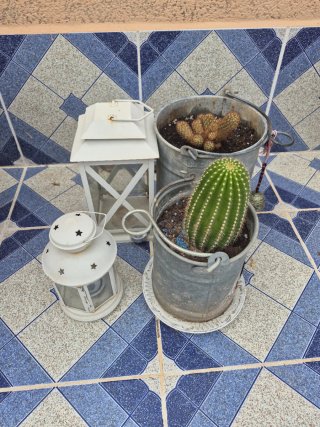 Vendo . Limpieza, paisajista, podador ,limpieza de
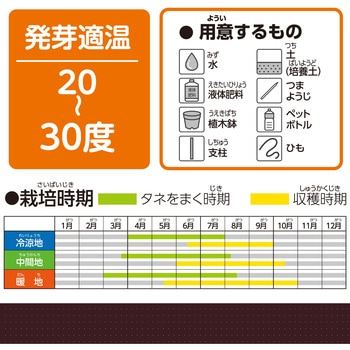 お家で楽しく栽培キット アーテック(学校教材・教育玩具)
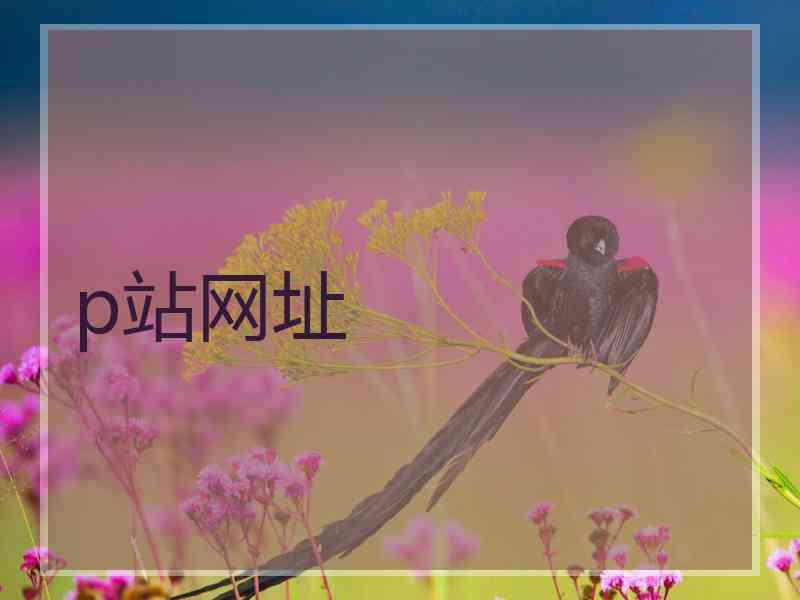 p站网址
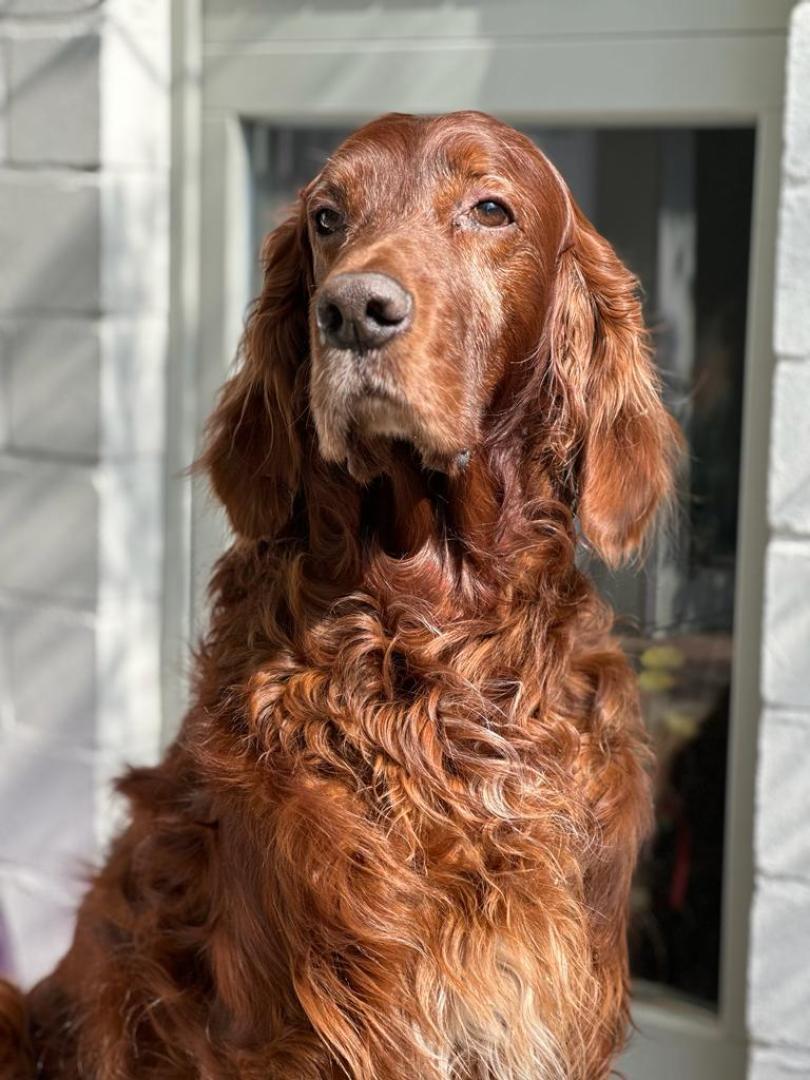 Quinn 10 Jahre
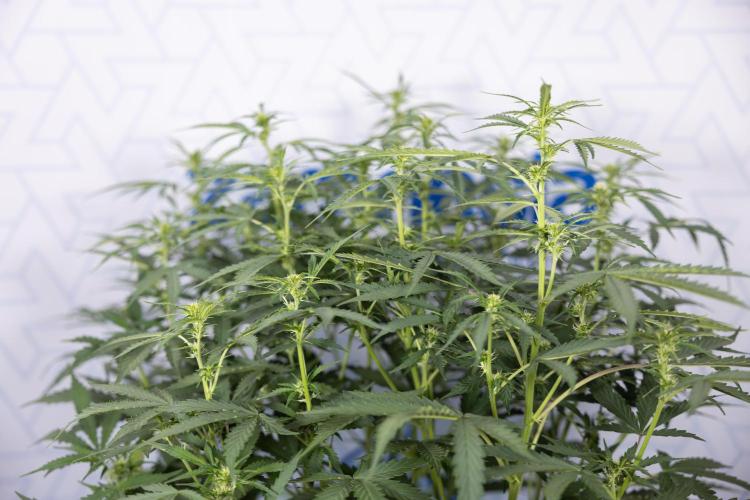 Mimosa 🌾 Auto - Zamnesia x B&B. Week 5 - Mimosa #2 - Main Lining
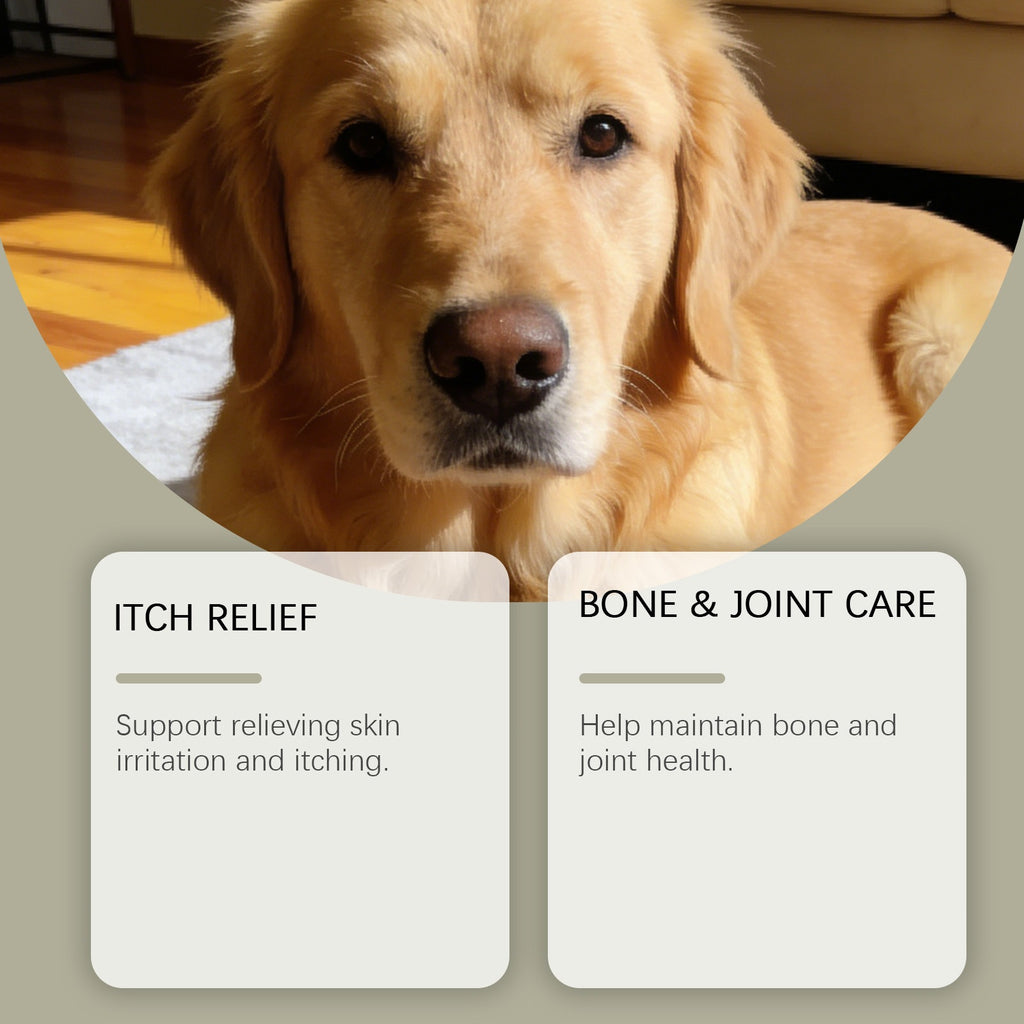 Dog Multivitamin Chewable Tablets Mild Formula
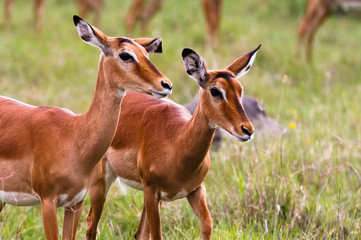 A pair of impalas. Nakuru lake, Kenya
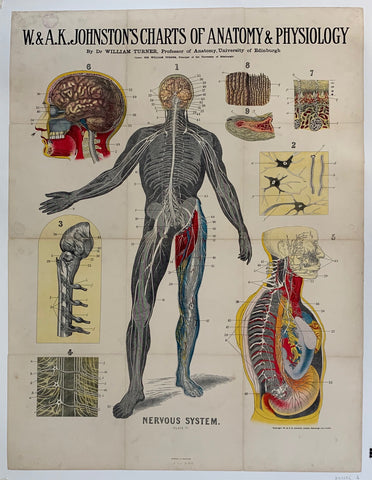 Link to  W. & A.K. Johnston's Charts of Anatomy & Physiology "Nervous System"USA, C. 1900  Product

*****

■ ASSIGNMENT
Reproduce exactly, and only, the part of the entries above that runs from the line with "お家で楽しく栽培キット アーテック(学校教材・教育玩具)" to the last line, both included. Pictures stay out.

■ TASK SOLUTION
 お家で楽しく栽培キット アーテック(学校教材・教育玩具)
 p站网址
 Quinn 10 Jahre
 Mimosa 🌾 Auto - Zamnesia x B&B. Week 5 - Mimosa #2 - Main Lining
 Dog Multivitamin Chewable Tablets Mild Formula
 A pair of impalas. Nakuru lake, Kenya
 Link to  W. & A.K. Johnston's Charts of Anatomy & Physiology "Nervous System"USA, C. 1900  Product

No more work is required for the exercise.